ACTIVITY
When you copy the material below, keep every line exact and leave each picture out.

[SOURCE RECORDS]

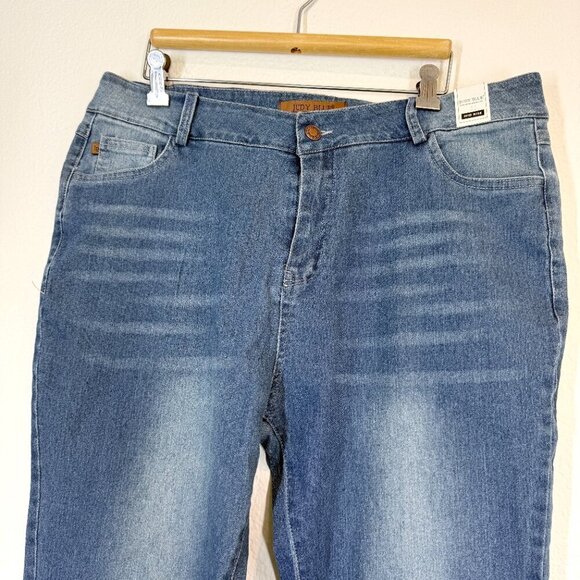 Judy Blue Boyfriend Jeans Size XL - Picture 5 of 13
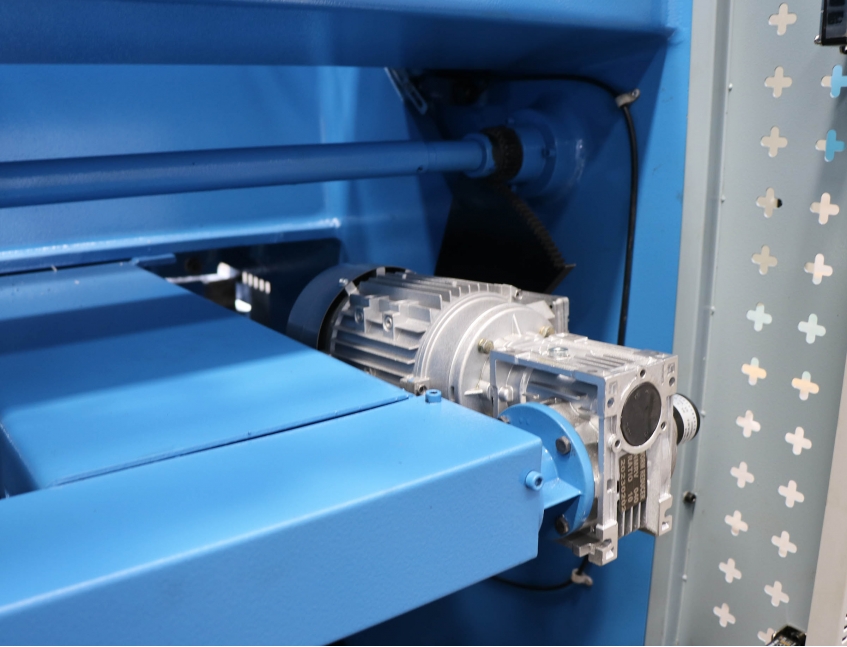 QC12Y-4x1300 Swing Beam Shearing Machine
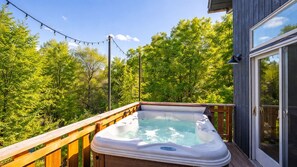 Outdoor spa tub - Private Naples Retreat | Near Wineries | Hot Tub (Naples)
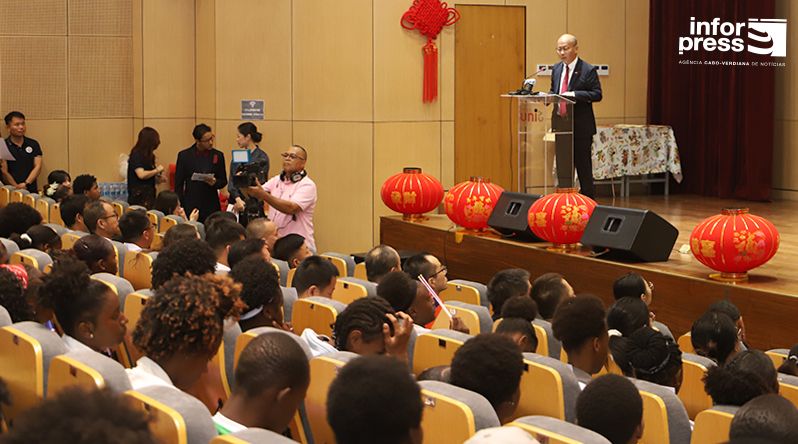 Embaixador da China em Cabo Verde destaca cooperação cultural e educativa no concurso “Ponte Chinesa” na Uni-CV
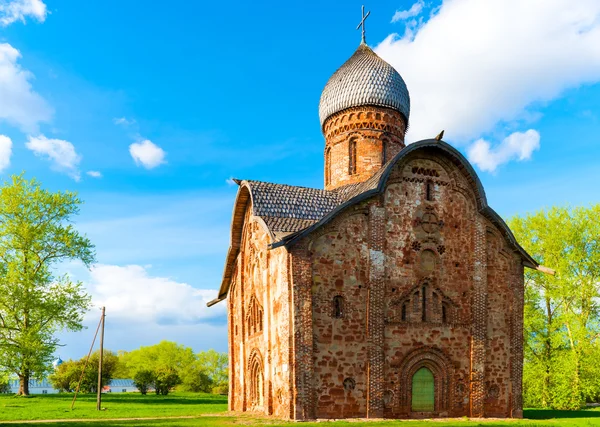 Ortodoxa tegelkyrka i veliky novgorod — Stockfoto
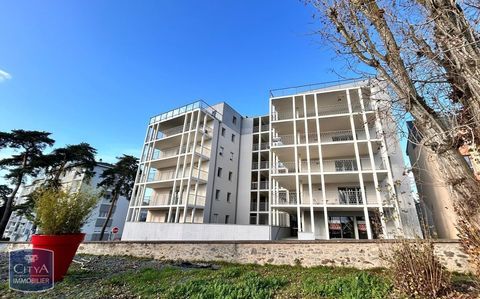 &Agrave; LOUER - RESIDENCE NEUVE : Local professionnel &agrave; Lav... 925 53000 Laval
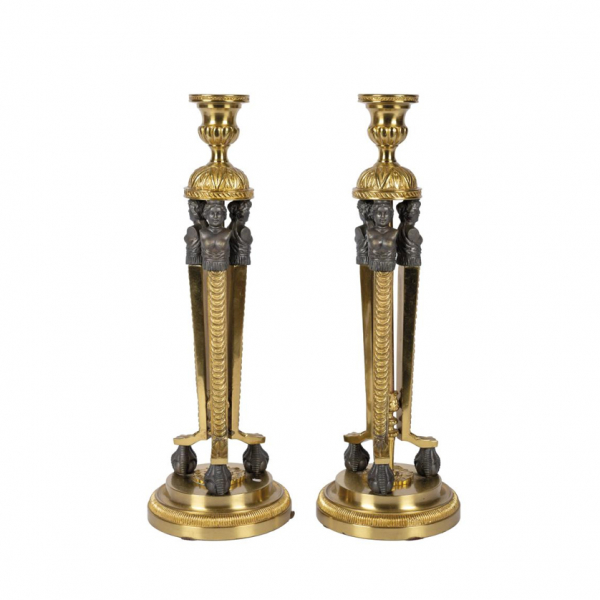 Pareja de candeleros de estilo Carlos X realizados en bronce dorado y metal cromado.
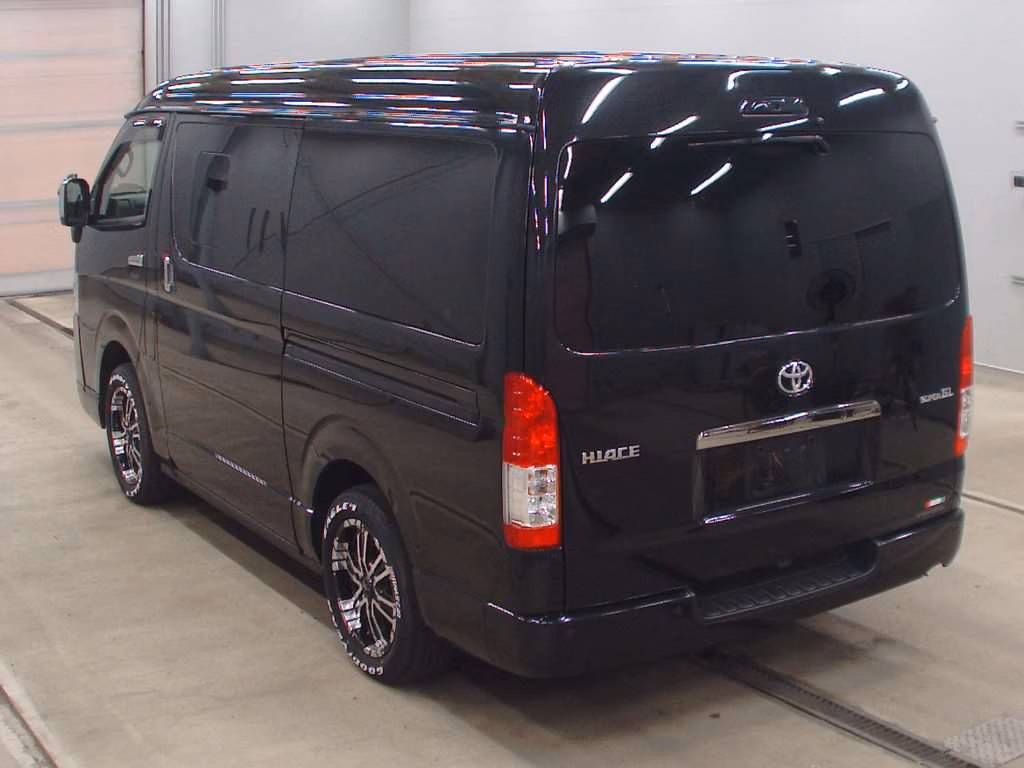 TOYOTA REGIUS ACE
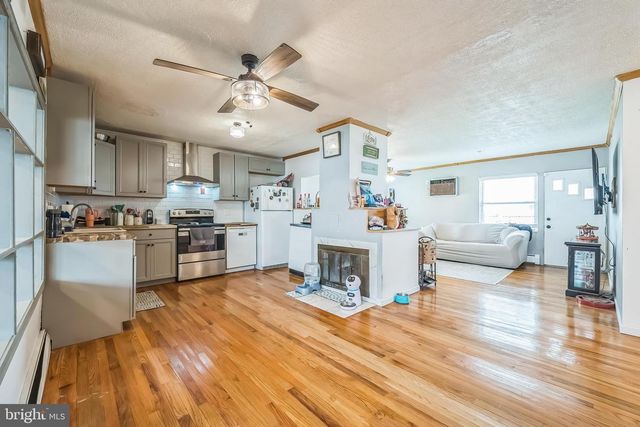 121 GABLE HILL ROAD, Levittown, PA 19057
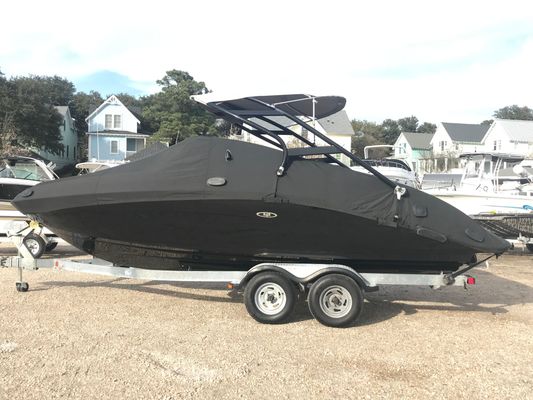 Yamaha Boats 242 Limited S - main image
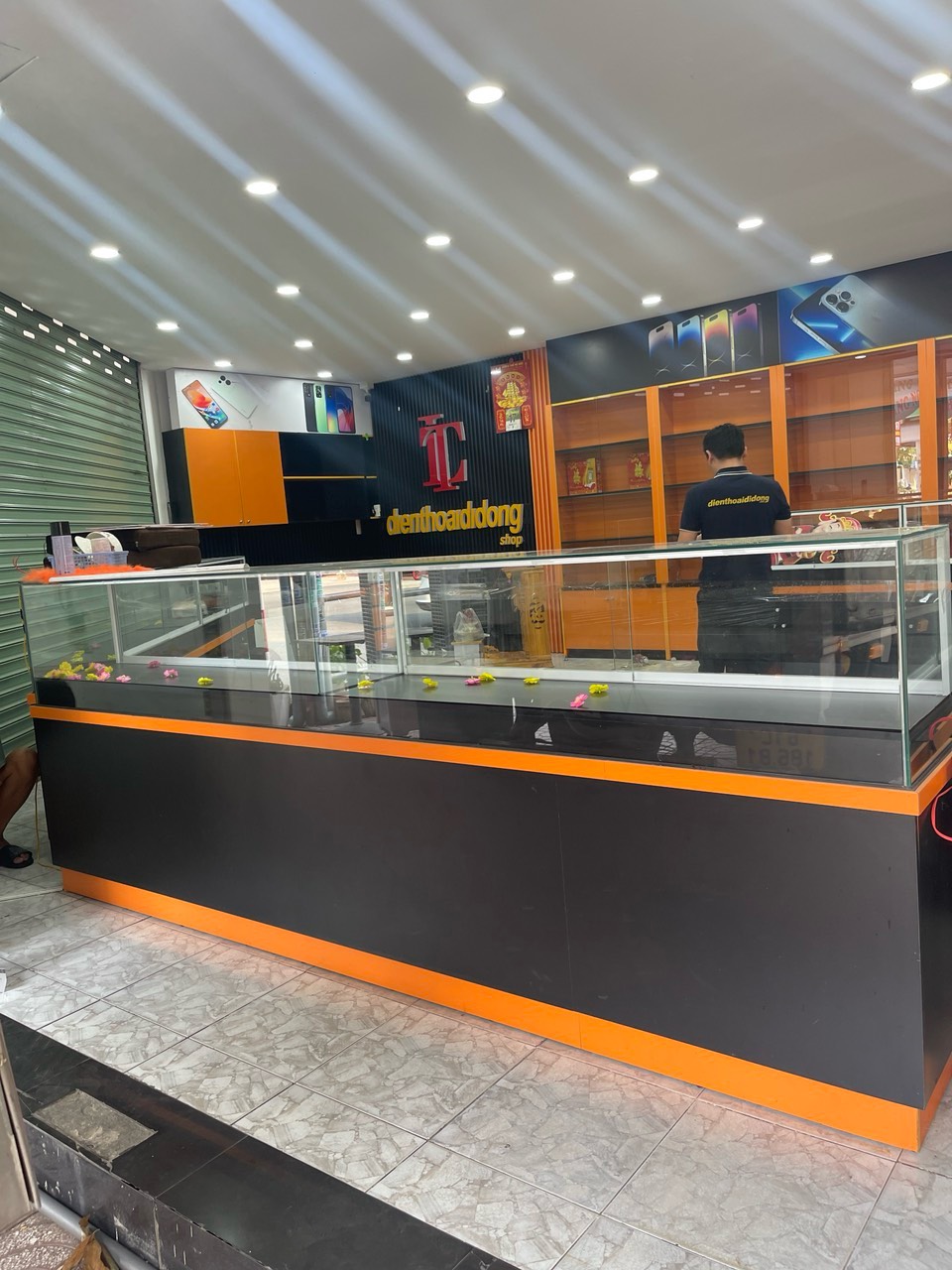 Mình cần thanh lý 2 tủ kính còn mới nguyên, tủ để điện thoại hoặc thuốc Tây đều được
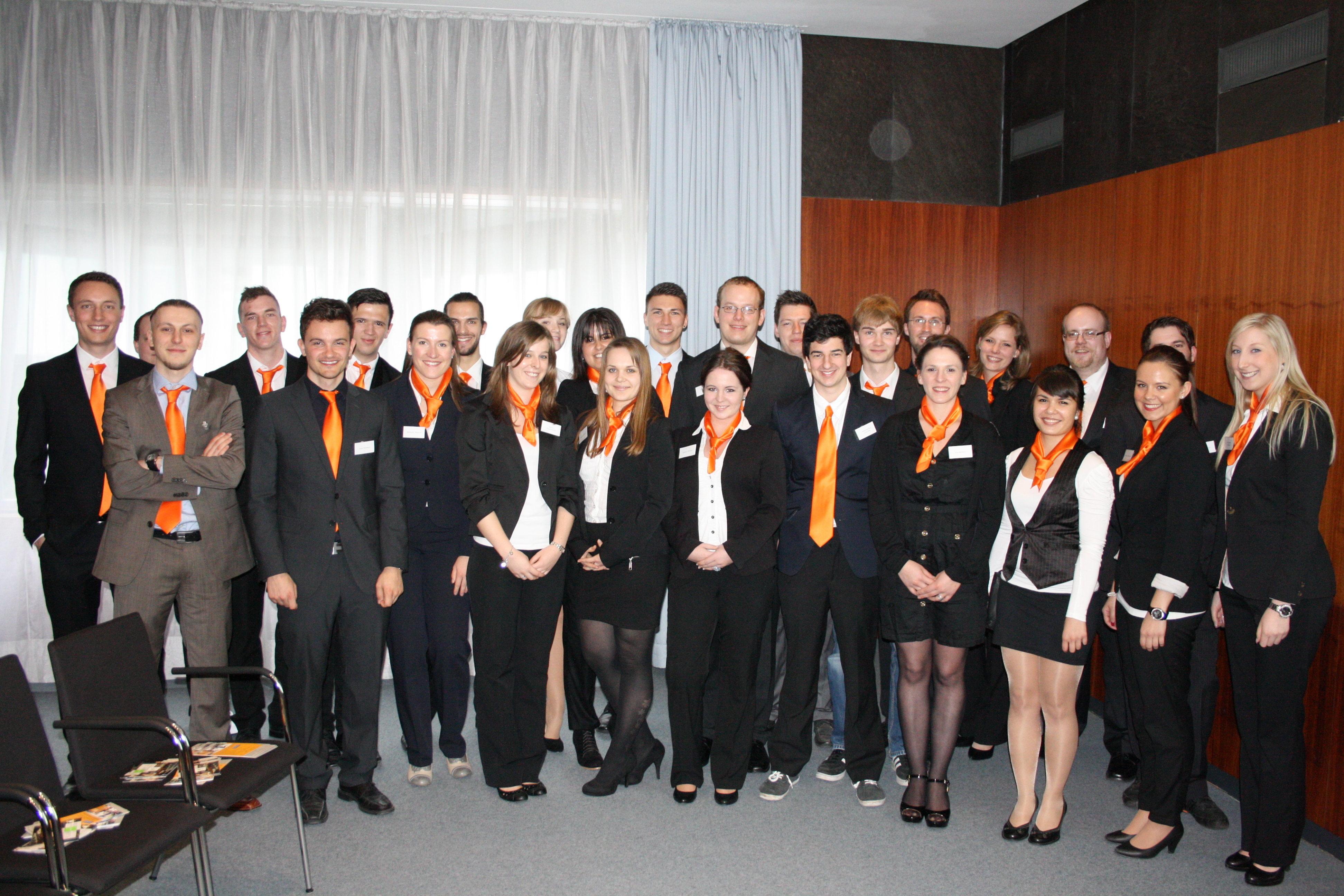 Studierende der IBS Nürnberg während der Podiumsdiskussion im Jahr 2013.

[/SOURCE RECORDS]

ANSWER TO THE EXERCISE
 Judy Blue Boyfriend Jeans Size XL - Picture 5 of 13
 QC12Y-4x1300 Swing Beam Shearing Machine
 Outdoor spa tub - Private Naples Retreat | Near Wineries | Hot Tub (Naples)
 Embaixador da China em Cabo Verde destaca cooperação cultural e educativa no concurso “Ponte Chinesa” na Uni-CV
 Ortodoxa tegelkyrka i veliky novgorod — Stockfoto
 &Agrave; LOUER - RESIDENCE NEUVE : Local professionnel &agrave; Lav... 925 53000 Laval
 Pareja de candeleros de estilo Carlos X realizados en bronce dorado y metal cromado.
 TOYOTA REGIUS ACE
 121 GABLE HILL ROAD, Levittown, PA 19057
 Yamaha Boats 242 Limited S - main image
 Mình cần thanh lý 2 tủ kính còn mới nguyên, tủ để điện thoại hoặc thuốc Tây đều được
 Studierende der IBS Nürnberg während der Podiumsdiskussion im Jahr 2013.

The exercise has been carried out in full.